Humans are generally believed to have five senses: sight, sound, taste, smell, and touch/feel. Beyond these senses, humans developed language skills to allow sophisticated information to be shared. But how did we communicate before we had language?
This thought caused me to recall a primitive community in which members communicate effectively with gestures: members demonstrate what they see, imitate what they hear, have others taste what they taste, and have others touch what they touch. This kind of simple communication is symmetrical and the series of gestures can transfer meaning in both directions. Think about the handshake, for example. Shaking hand sends a friendly signal from A to B, or B to A. To establish good social relations, this symmetrical message transfer is favorable; without it, maintaining efficient social relationships would be difficult, and social relationships are the most prominent feature of humankind.
This primitive communication means often requires an object to be sensed, tasted, or sniffed, without which it would be impossible to transfer human experience to others. Listening and talking is much easier than confining communication to the other senses. The human throat makes it possible to imitate others' voices or sounds and, sometimes, to make modifications if the speaker desires.
As communication becomes more complicated, our brains play a bigger role in creating more sophisticated messages. Helped by the brain, we can exchange deeper meaning. Here, of course, the brain works in real time. Surrounded by competing animals, our communication must be processed in real time. Lacking quick response, it would be difficult to avoid attack or to cope with environmental change. Under the real time processing environment, utterances by the throat and interpretation through Corti's organ are helped by the language area in the brain; everything proceeds in parallel.
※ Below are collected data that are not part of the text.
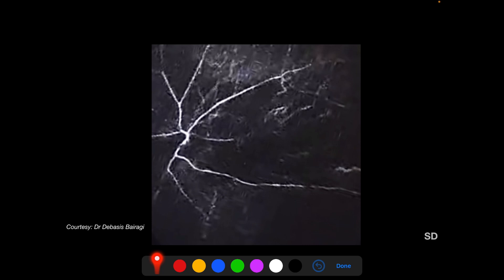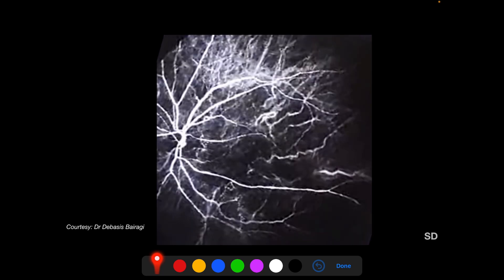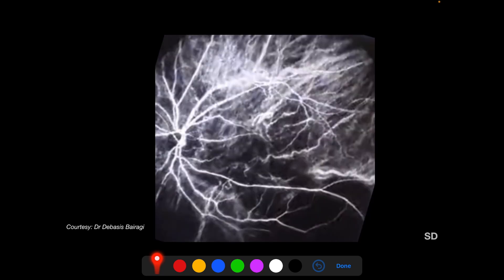We will first see the filling sequence of ICG dye, particularly in the early phases of ICGA, with two examples. In the first example we have still photos taken from video, and in the second we will see the actual video. In the early phase, the choroidal vessels have started to fill, and so have the retinal blood vessels. The choroidal vessels continue to fill, and in the subsequent photograph filling of both the choroid and the retinal circulation is complete.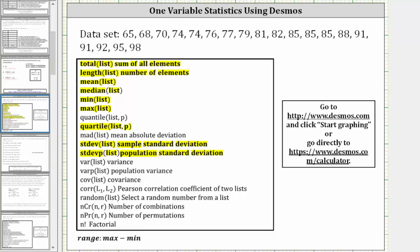This video will show how to find some of the more common one-variable statistics using Desmos. In the box below, we have all the features that are available from the statistical menu in Desmos.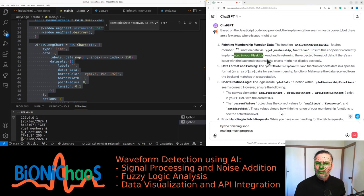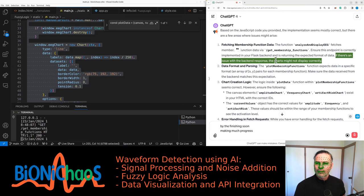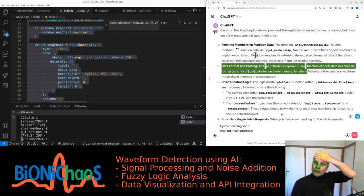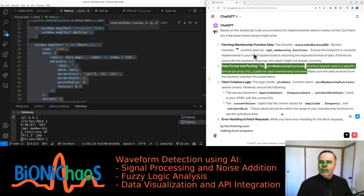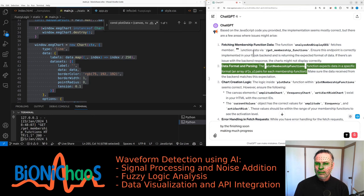And is returning the expected format of data. If there's an issue with the backend response, the charts might not display correctly. Data format and parsing—the plot membership functions function expects data in a specific format, an array of X-Y pairs for each membership function.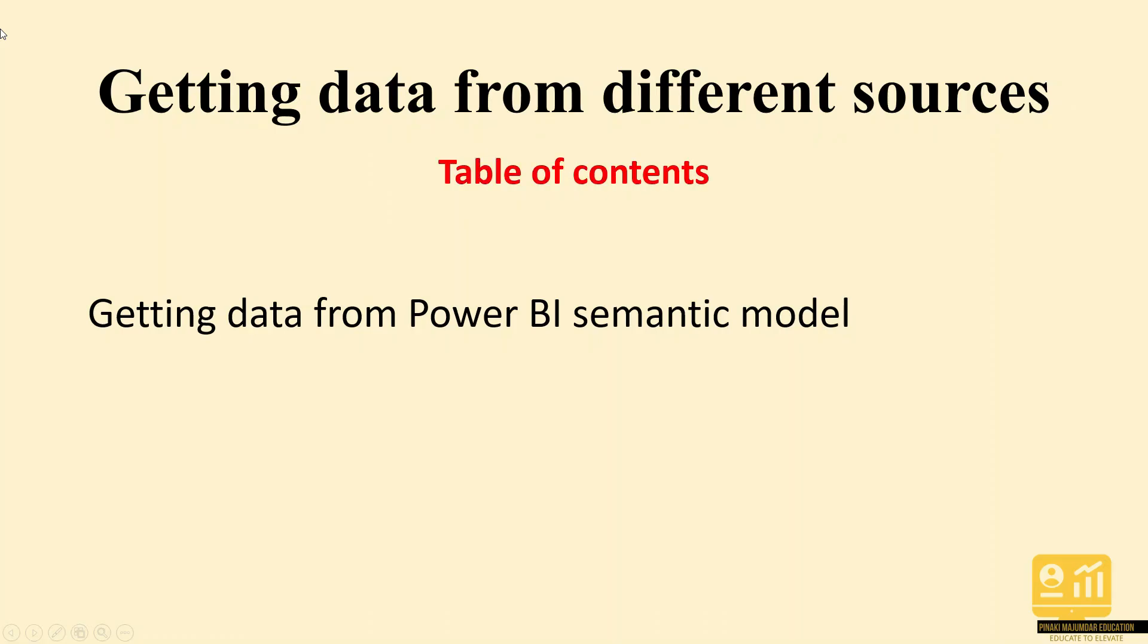In this lecture, we will see how to get data from Power BI Semantic Model.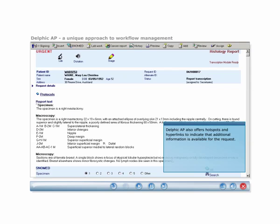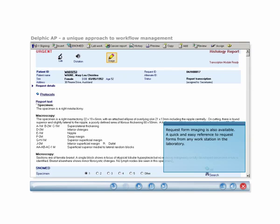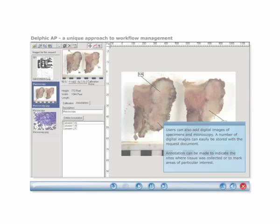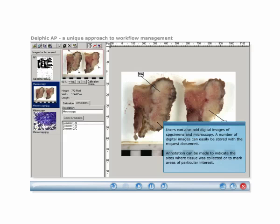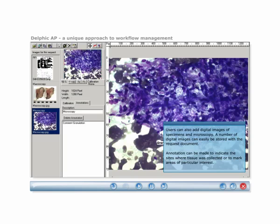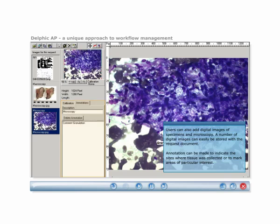Delphic AP also offers hotspots and hyperlinks to indicate that additional information is available for the request. Request form imaging allows an electronic copy of all request forms to be stored on file with the request document, providing quick and easy reference from any workstation in the laboratory. Users can also add digital images of specimens and microscopy, which can be stored with the request document. Annotations can be made to indicate the site where tissue was collected or to mark areas of particular interest.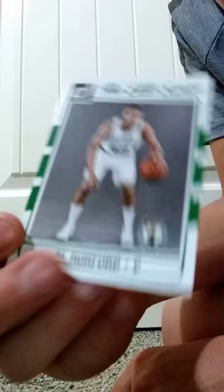Then we have the Elite Series Al Horford, and then we have Crashers Lamarcus Aldridge.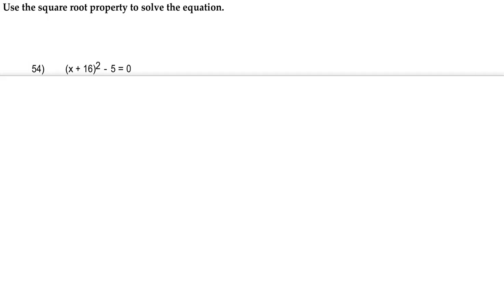Hey guys, for number 54 we're going to use the square root property to solve the equation. Here we have (x + 16)² - 5 = 0.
For efficient communication, this real time processing is very important, especially during debates or conflict.
What if humans could not keep up with real time communication? What would happen if we couldn't respond until we understood the other person's meaning after five minutes had passed? During the wait, there may be times when opinions and the environment change. If three people are talking, 10 minutes may have passed before you understand what the other two have to say. Discussion could not continue, which highlights the importance of real time understanding.
Humans successfully developed a safe environment that allows enough time to consider what is being said. Taking into account all acquired knowledge, humans can extrapolate details to more general knowledge. With the help of language, this process becomes more efficient. Persons with sufficient intelligence discovered the laws governing natural phenomena. They devised tools for hunting and created new strategies. They may even have prayed to Heaven for good hunting. If a new law is promulgated in common language, the knowledge is shared by the group, signaling birth of a new civilization.
In most cases, censored signals do not reach the brain directly; rather, they are converted to other type signals, which are called "primitives." With voice, the primitive is called formant, a pattern of peak frequencies on the time-frequency plane, or phoneme, a phonetic symbol of spoken language. For images, the primitive is an edge vector corresponding to edge features in the image.
The human brain can process varied information, among which images consume the largest memory in the brain. Higher animals seem to rely on image information more than do lower level creatures. Image sensors are generally large. Compared with auditory sensors, touch sensors, olfactory sensors or taste sensors, the visual organ is huge if we include the visual nerve system comprising everything from the retina to the hippocampus. The visual processing area in the brain holds the largest area, more than 40% (John S. Werner, et al., "Illusory Color and the Brain," Scientific American, March 2007). Taken as a whole, humans spend lots to process images. This means that without vision, we could use this huge cost for other purposes, like the famous history scholar Hokiichi Hanawa during the Edo Era, in Japan, or organist Helmut Walcha, in Germany. Both were blind and famous for their remarkably strong memory.
Images formed on the retina provide high resolution visual objects with a tremendous amount of information within a unit time, compared with other sensory signals. For data storage, an image requires huge memory. In recording voice data, for example, the data is interpreted as voice signals or meta expression, which is quite efficient. On the other hand, image data may be stored as object meta data, or as primitives in the brain.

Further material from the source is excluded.